Le co-auteur Ramiro Logares déclare : « Ces processus évolutifs contemporains sont la conséquence d’une adaptation rapide aux facteurs biotiques ou abiotiques (par exemple, la température), qui peuvent changer rapidement en raison du changement climatique. »
Bouger, s’adapter ou mourir
Face aux changements environnementaux, les organismes ont trois réactions possibles : se déplacer, s’adapter ou mourir. L’évolution peut se produire à différentes échelles de temps en fonction de facteurs tels que le taux de reproduction ou la taille de la population. Le fait que les microbes évoluent vers des changements environnementaux beaucoup plus rapidement que les autres animaux est bien connu grâce à plusieurs études développées en laboratoire.
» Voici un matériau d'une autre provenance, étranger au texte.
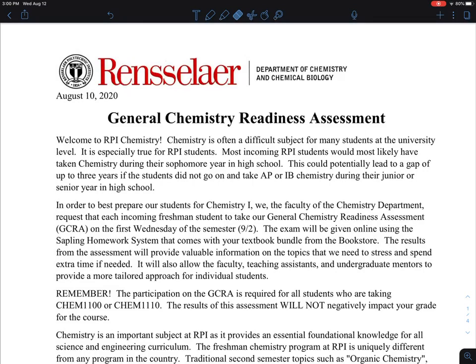This is a video about the General Chemistry Readiness Assessment. My name is Professor Cheng Yu. I'm a member of faculty in the Department of Chemistry and Chemical Biology, and I'm part of the instructor team teaching general chemistry in the fall of 2020.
Par exemple, ils ont révélé qu’à des températures élevées, certaines espèces peuvent croître plus rapidement. Cependant, les réactions dans la nature ont été très peu étudiées.
Cela nécessite un séquençage de l’ADN pour détecter les mutations, bien que cela n’ait pas été économiquement faisable dans la nature jusqu’à la dernière décennie. « Nous avons maintenant les ressources et la technologie pour comprendre comment le microbiome océanique évoluera sous le futur changement climatique mondial », écrivent les auteurs.
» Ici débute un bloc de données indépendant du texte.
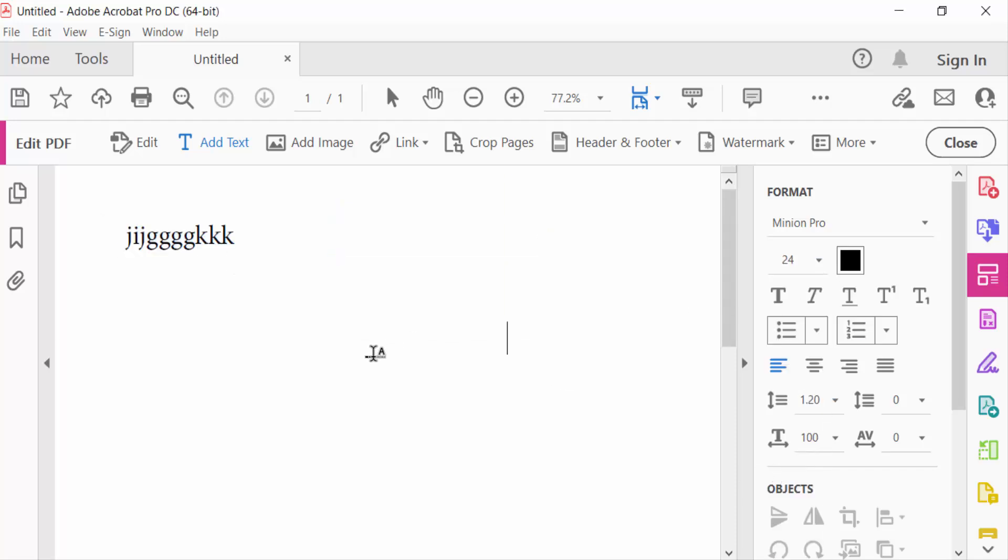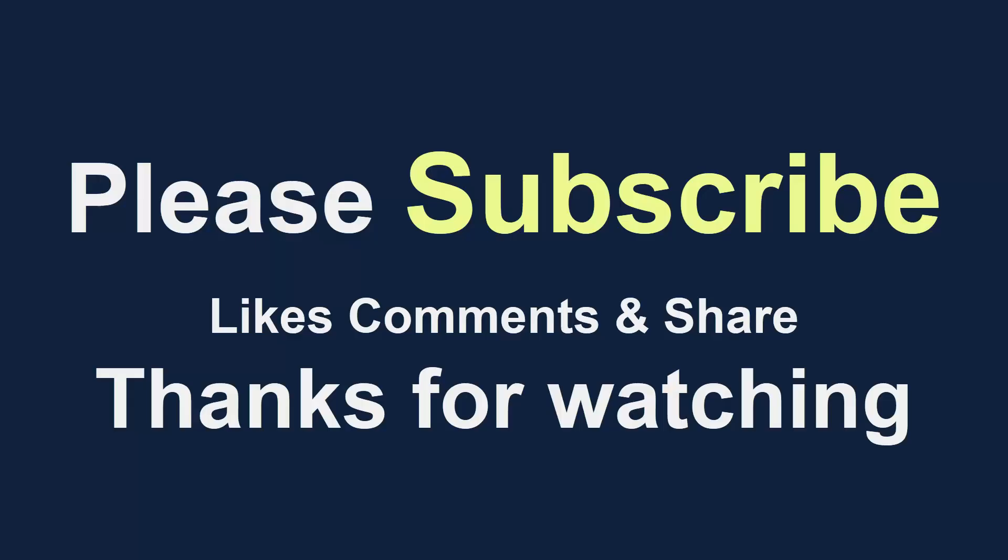So in this way you can create a blank PDF in Adobe Acrobat Pro DC. I hope you enjoyed this video. Thanks for watching and don't forget to subscribe to my channel. Thank you and see you next week.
Ils pensent qu’il est nécessaire d’établir des observatoires génomiques pour surveiller l’évolution microbienne dans différentes régions et profondeurs océaniques, y compris les zones vierges et dégradées, afin de générer de longues séries chronologiques d’ADN qui permettront de suivre l’évolution microbienne contemporaine et ses impacts potentiels sur fonctionnement et santé de l’écosystème.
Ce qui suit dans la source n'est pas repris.